A couple weeks ago, Obama's press secretary, Jay Carney, misquoted the Bible. Badly.
He was summarizing part of an address Obama gave where he said, “I trust in God, but God wants to see us help ourselves by putting people back to work.” A few hours later, a reporter asked Carney during a press conference, “Isn’t it a bit much to bring God into the jobs debate?” Carney responded: “I believe that the phrase from the Bible is, ‘The Lord helps those who help themselves.’”
Except the Bible doesn't say that. Anywhere. Of course someone was quick to bring that up, and the Obama camp looked...um...not smart.
Our culture has somehow maintained a collection of sayings that sound Biblical, but aren't actually in the Bible. They are repeated over and over, as if from the mouth of God, and are nothing more than idioms.
One that particularly bothers me is the directive to "Forgive and forget." Gosh, it kills me to hear people stumbling over this order that seems holy, and yet is mercilessly difficult. If you've ever listened to a radio program where people phone in for advice, you'll hear the burden people put upon themselves to forgive the heinous sins of others and then expect the memories to simply vanish from their minds, as if that is proof of true forgiveness.
Well, as far as I know, God is the only one who can choose to forget sin (Isaiah 43:25). And He does not require the same of us. True forgiveness is always in spite of the fact that we remember.

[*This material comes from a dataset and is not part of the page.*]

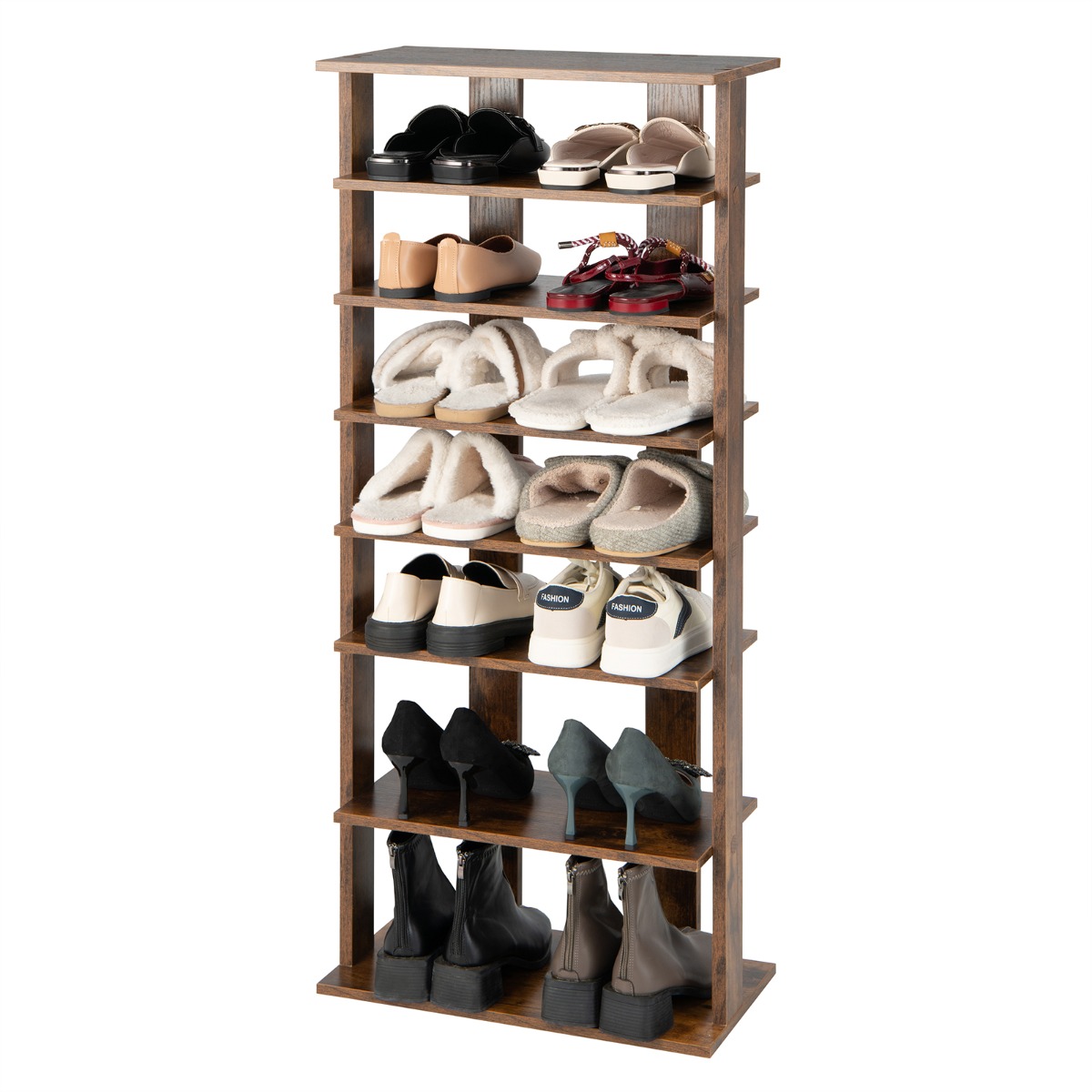Estante de Zapatos Vertical de 7 Niveles Torre de Almacenamiento Zapatero Múltiples Capas Panel Extraíble 47 x 25,5 x 110 cm Marrón Costway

In the circumstances that really matter, how could we not?
Some of us have endured some horrible things. I don't need to go into specifics. You know what I'm talking about. Really broken people are in our worlds, and sometimes were or are in our homes. I'm sure among the women reading this post, every sort of abuse and violation can be represented by our experiences. Some of the worst moments of our lives have been lived in the shadow of another's sin. Plain and simple.
And those moments mattered.
They are not going to easily erase like chalk on a blackboard. The wrongs committed against us were just that. Wrong. And God grieved with us the entire time. That's the truth.
Yet, we are called, as followers of Jesus, to forgiveness. Not based on the merit of another, by any means. Not because the other person feels remorse. Not because someone is even cognizant of his or her own guilt. Our burden to forgive is only because we too were forgiven by God Himself when we asked Jesus to be in charge of our lives. He paid the debt we couldn't pay, and then asks us in turn to clear the debts of others. To say to the ones who have damaged us: "You don't owe me anything."
Wow, isn't that a high calling? Almost unbelievable that God would ask that of us? I know that even in the small things, the day-to-day emotional injuries that happen, for instance, in marriage, I really want an apology. (How much more do we feel this in the bigger hurts!) I tell myself that I need an apology before I can function lovingly again. However, I've learned that is a lie intended to hold me back and keep me in bondage to my hurt. Focused on myself, dwelling on my rights, and completely forgetting whose I am.
True forgiveness must be a supernatural transaction. I cannot expect my own hurting soul to muster up that kind of grace. No way. Only the power and blood of Jesus can heal us enough to get us to that place. And these things take time. God is not in a rush for us to get there. But He does call us to obey:
"As the Lord has forgiven you, so you also must forgive"
Forgiveness is also not a one-time deal. Because there's the remembering. God has created our brains to more deeply etch the things that move us most. The good and the bad. So naturally, the very bad hurts leave lasting scars in our memories. That is why the "Forgive and forget" mantra really messes us up. It's plain impossible. And anything but Biblical.
During some seasons, I've had to choose forgiveness daily. Sometimes several times a day, as the remembering continued. It is a choice of the will, and it is the fruit of healing, laying down my struggle before the Lord, and asking Him for grace.
Really, the more we understand what grace has done for us, the more we are able to have grace for others. Unmerited favor is a great definition for grace: nothing earned, just granted, simply because it was first granted to us.
I'm pretty darn thankful that Jesus didn't wait for my apology before He died for me.